In 1804, he travelled to Sicily and Malta, working for a time as Acting Public Secretary of Malta under the Commissioner, Alexander Ball, a task he performed quite successfully. However, he gave this up and returned to England in 1806. Dorothy Wordsworth was shocked at his condition upon his return. From 1807 to 1808, Coleridge returned to Malta and then travelled in Sicily and Italy, in the hope that leaving Britain's damp climate would improve his health and thus enable him to reduce his consumption of opium. Thomas de Quincey alleges in his Recollections of the Lakes and the Lake Poets that it was during this period that Coleridge became a full-blown opium addict, using the drug as a substitute for the lost vigour and creativity of his youth. It has been suggested, however, that this reflects de Quincey's own experiences more than Coleridge's.

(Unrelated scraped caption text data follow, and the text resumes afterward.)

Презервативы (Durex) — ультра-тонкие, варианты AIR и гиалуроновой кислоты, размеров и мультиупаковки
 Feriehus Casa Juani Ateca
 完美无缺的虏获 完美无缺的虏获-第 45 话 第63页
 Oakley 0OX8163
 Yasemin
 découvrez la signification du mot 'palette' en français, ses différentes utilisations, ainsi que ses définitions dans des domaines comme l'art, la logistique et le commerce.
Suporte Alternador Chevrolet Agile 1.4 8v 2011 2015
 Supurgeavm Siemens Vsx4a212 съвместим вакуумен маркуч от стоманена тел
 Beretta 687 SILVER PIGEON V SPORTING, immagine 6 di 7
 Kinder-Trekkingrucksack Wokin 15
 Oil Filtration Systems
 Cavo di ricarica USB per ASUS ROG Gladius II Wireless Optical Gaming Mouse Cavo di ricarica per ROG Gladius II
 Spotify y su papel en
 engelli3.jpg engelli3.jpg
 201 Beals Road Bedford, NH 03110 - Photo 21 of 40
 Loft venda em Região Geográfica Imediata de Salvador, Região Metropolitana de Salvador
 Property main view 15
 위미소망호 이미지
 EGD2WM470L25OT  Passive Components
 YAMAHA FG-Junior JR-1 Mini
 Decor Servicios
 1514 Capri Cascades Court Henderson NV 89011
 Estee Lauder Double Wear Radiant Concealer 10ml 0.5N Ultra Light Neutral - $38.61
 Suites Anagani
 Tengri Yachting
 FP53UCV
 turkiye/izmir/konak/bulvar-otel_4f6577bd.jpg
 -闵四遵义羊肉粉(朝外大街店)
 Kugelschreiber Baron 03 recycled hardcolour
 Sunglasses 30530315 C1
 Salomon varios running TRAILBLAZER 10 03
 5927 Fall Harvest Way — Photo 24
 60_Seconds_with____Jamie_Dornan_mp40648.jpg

His opium addiction (he was using as much as two quarts of laudanum a week) now began to take over his life: he separated from his wife Sarah in 1808, quarrelled with Wordsworth in 1810, lost part of his annuity in 1811, and put himself under the care of Dr. Daniel in 1814.

In 1809, Coleridge made his second attempt to become a newspaper publisher with the publication of the journal entitled The Friend. It was a weekly publication that, in Coleridge's typically ambitious style, was written, edited, and published almost entirely single-handedly. Given that Coleridge tended to be highly disorganized and had no head for business, the publication was probably doomed from the start. Coleridge financed the journal by selling over five hundred subscriptions, over two dozen of which were sold to members of Parliament, but in late 1809, publication was crippled by a financial crisis and Coleridge was obliged to approach "Conversation Sharp",[15] Tom Poole and one or two other wealthy friends for an emergency loan in order to continue. The Friend was an eclectic publication that drew upon every corner of Coleridge’s remarkably diverse knowledge of law, philosophy, morals, politics, history, and literary criticism. Although it was often turgid, rambling, and inaccessible to most readers, it ran for 25 issues and was republished in book form a number of times. Years after its initial publication, The Friend became a highly influential work and its effect was felt on writers and philosophers from J.S. Mill to Emerson.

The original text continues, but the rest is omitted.